That’s an example of reduced visibility. I’d like to think any competent driver would have the sense to switch on lights as required by the circumstances.

One of the problems with DRLs is that they are on even in perfect conditions, where they serve no purpose, and can obscure the presence of other road users.


----------



## Drago (16 Dec 2019)

Think of it this way. If DRLs are so clever, why do audi dim theirs to enable other road users to be able to see the indicators? What else are they obscuring from view?


----------



## gbb (17 Dec 2019)

glasgowcyclist said:


> That’s an example of reduced visibility. I’d like to think any competent driver would have the sense to switch on lights as required by the circumstances.
> 
> One of the problems with DRLs is that they are on even in perfect conditions, where they serve no purpose, and can obscure the presence of other road users.


Competent drivers ? Mistakes are made all the time, some unwitting, unintentional, some more deliberate but even within this discussion by cyclists, theres been confusion as when to use lights and what to use...so perhaps automating it with DRL s can have some benefit.
Your second point, obscures the presence of other road users, I honestly have seen no evidence of it (while accepting that's just me so there MAY be some circumstances in which they may) ...but given I'm a careful driver, I have NO problem seeing everything and everyone and DRLs on other vehicles have presented me with NO known hinderance whatsoever.

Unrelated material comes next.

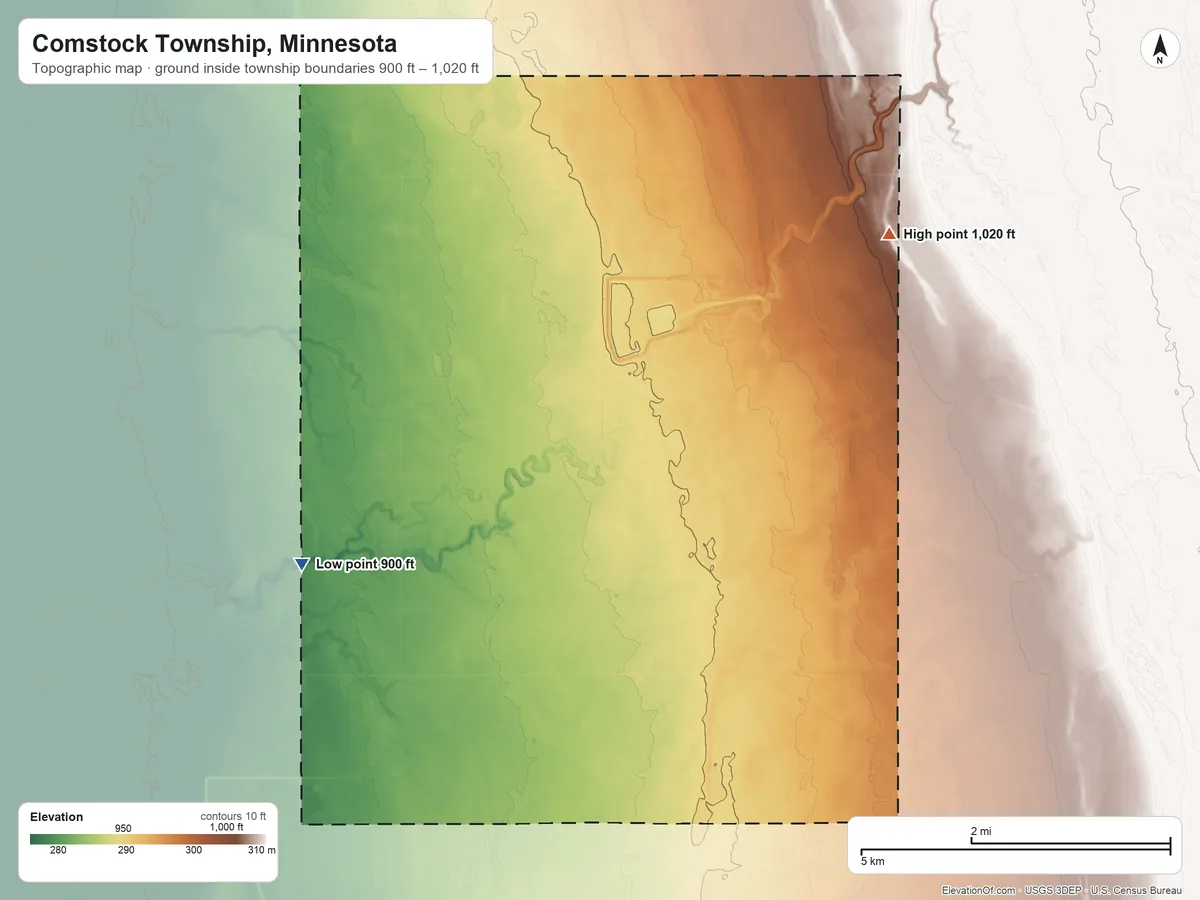Topographic elevation map of Comstock Township, Minnesota, shaded from 900 ft on the southwest side to 1,020 ft on the east side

I'd buy the arguement in general if the evidence supported it but I'm yet to be convinced.


----------



## gbb (17 Dec 2019)

I'd extend the above thoughts...I have NO problems seeing everything and everyone and I think it's because I dont rush around. The one thing I keep impressing on my DIL who is a new driver...the more you rush around, the higher your speed, the LESS time you have to make decisions, the more likely you are to have an accident. Personally I'd like to see that ...and observation, observation, observation...heavily impressed on learner drivers...for everyone's sake.


----------



## Drago (17 Dec 2019)

gbb said:


> Competent drivers ? Mistakes are made all the time, some unwitting, unintentional, some more deliberate but even within this discussion by cyclists, theres been confusion as when to use lights and what to use...so perhaps automating it with DRL s can have some benefit.
> Your second point, obscures the presence of other road users, I honestly have seen no evidence of it (while accepting that's just me so there MAY be some circumstances in which they may) ...but given I'm a careful driver, I have NO problem seeing everything and everyone and DRLs on other vehicles have presented me with NO known hinderance whatsoever.
> 
> I'd buy the arguement in general if the evidence supported it but I'm yet to be convinced.


Next time a modern Audi is coming towards you, watch it closely.

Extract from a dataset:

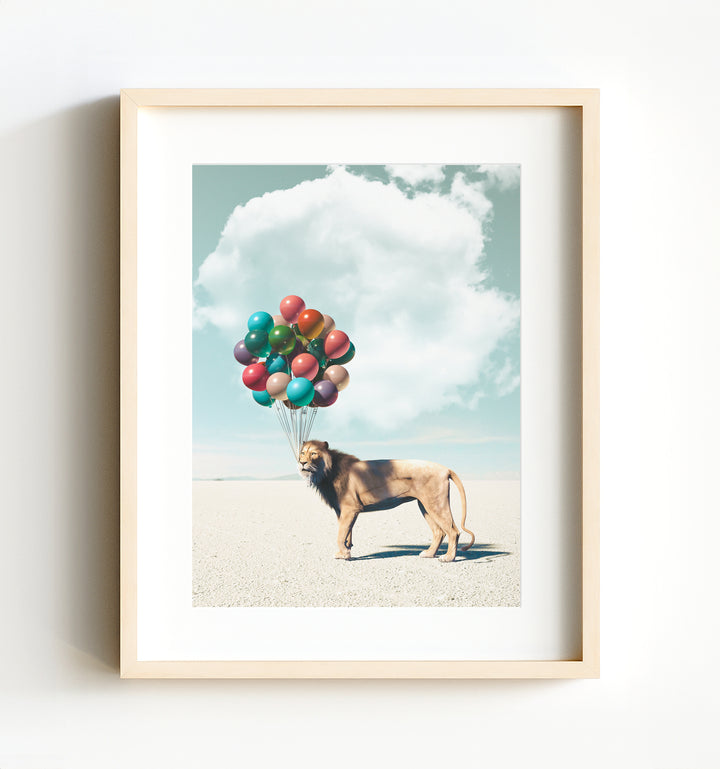 Lion with Balloons Art Print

In the early 80's Honda did a lot of research into daytime lighting. At the time they owned the worlds largest searchlight manufacturer. so had a lot of expertise on optics to call upon.

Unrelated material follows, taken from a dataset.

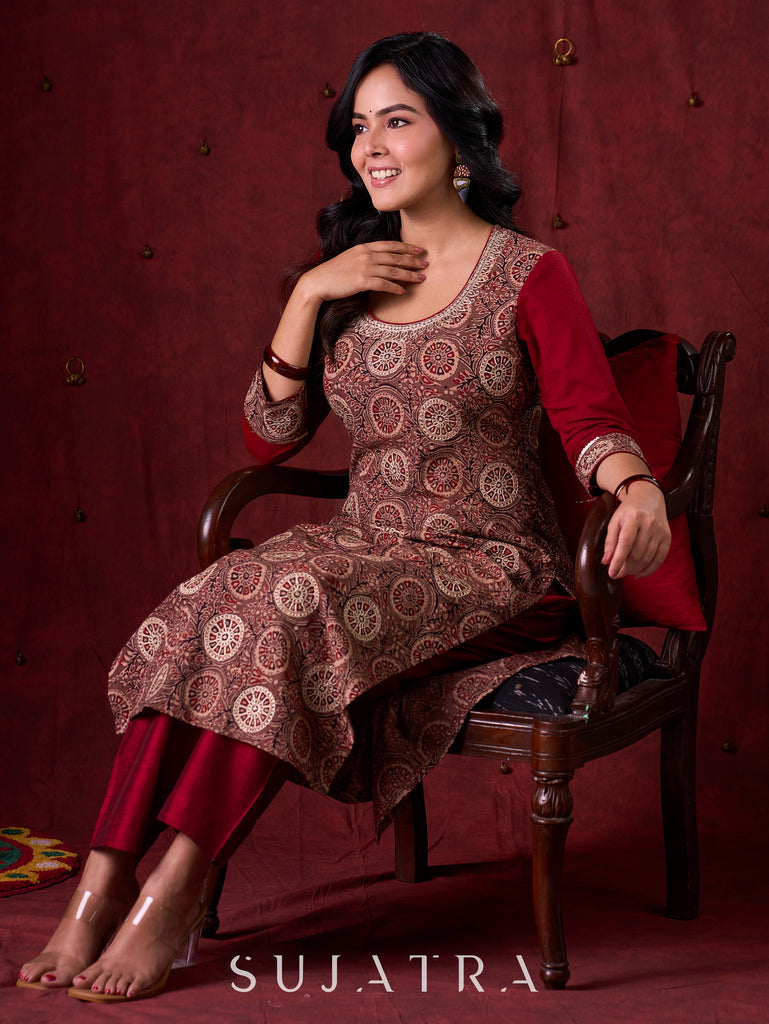 Rustic Brown Ajrakh Cotton Kurta with Handcrafted embroidery all over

They discovered that over-bright lighting during daytime conditions increased the chances of certain types of collision, mainly T bone incidents. The human brain calculates the speed of an oncoming object by the rate at which it increases in size in relation to the surroundings. Over bright lighting breaks up the outline of the vehicle, thus depriving the observer of this datum, making it harder to accurately calculate speed. Something as innocuous as normal dip-beam headlamps being illuminated on an otherwise good visibility day was enough to trigger this phenomenon.

Suzuki were later to do similar testing and research, albeit smaller in scale, and repeated Hondas findings.

The human brain has not adapted to benefit from lighting in good conditions because such lighting does not exist in nature, where lighting is provided by a point source at a separate position to both observer and observed. 

So when you're next able to do so, take a moment to watch that Audi. With an awareness of the above phenomenon in your mind you can actually see how it deprives the observer of a proper view of the outline of the vehicle as it approaches. The effect is visible to anyone with eyes and an awareness of the effect. Because you're a careful driver like me who takes their time the impact upon you is minimal, but for the average road user who flies about the place and leaves little room for error something as small as that can be enough to trip them up.

As an aside, I'm sure you meant no Ill, but could I ask you not to emphasis words with caps like that please? I'm dyslexic, and that really makes text difficult for me to read, which is doubtless the opposite effect to that which you intended


----------



## winjim (17 Dec 2019)

Drago said:


> Think of it this way. If DRLs are so clever, why do audi dim theirs to enable other road users to be able to see the indicators? What else are they obscuring from view?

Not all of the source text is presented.